Cet effort financier est tout à fait justifié ; il était attendu depuis de longues années par les Français de l’étranger. Cependant, son attribution actuelle sans que soient pris en considération le niveau de ces frais et celui des revenus des familles, doit être précisée, particulièrement dans le contexte très tendu pour les finances publiques qui prévaut actuellement.

Le besoin de financement qui en découle ne cesse de croître, ainsi que le nombre d'élèves français scolarisés. Ce fait pourrait être considéré comme positif s’il ne s'accompagnait, faute d'extension des capacités des établissements, d'une éviction des élèves étrangers, alors même que les familles de ces derniers payent des frais de scolarité en augmentation.

L’une des missions de l’AEFE, qui est de contribuer à former des élites francophones, s’en trouve affectée.

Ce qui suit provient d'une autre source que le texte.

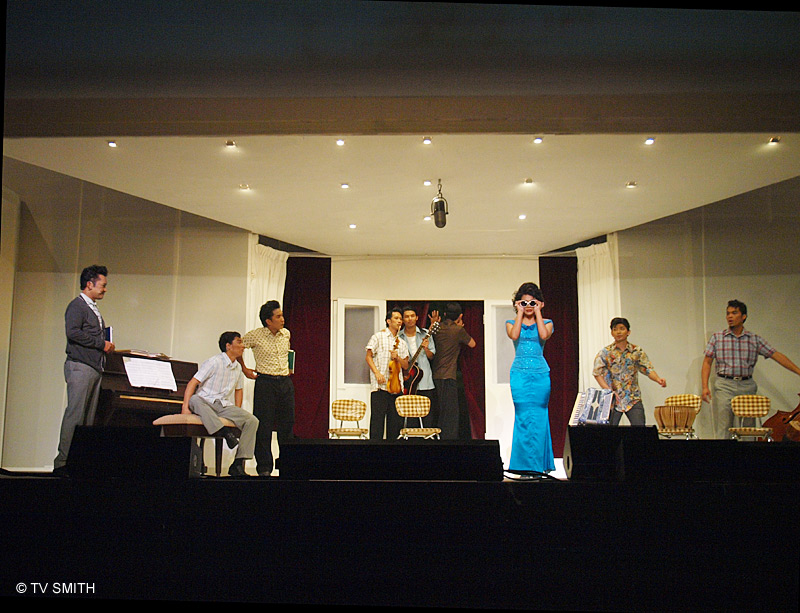 P Ramlee The Musical  2nd Season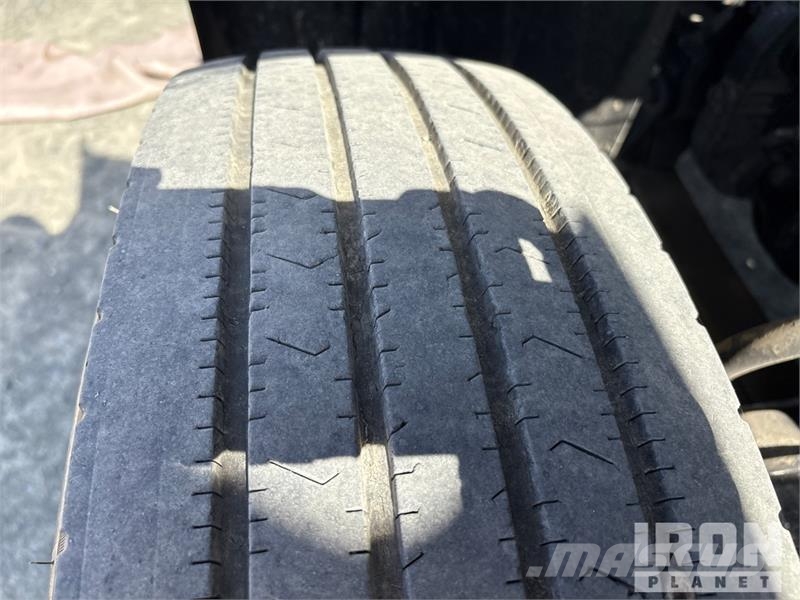 Freightliner 114SD 6x4 Transfer Set Otros componentes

De plus, les entreprises françaises, qui prenaient traditionnellement en charge les frais de scolarité des enfants de leur personnel expatrié, se désengagent très rapidement, puisque l’État assume ces dépenses : l’argent public évince ainsi les financements privés.

La commission des affaires étrangères, de la défense et des forces armées a donc adopté, à l’unanimité, un amendement précisant les modalités de l’attribution de cette prise en charge.

Sous le bénéfice de ces remarques et de cet amendement, elle vous recommande d’adopter les crédits des programmes 105 et 151 pour 2009.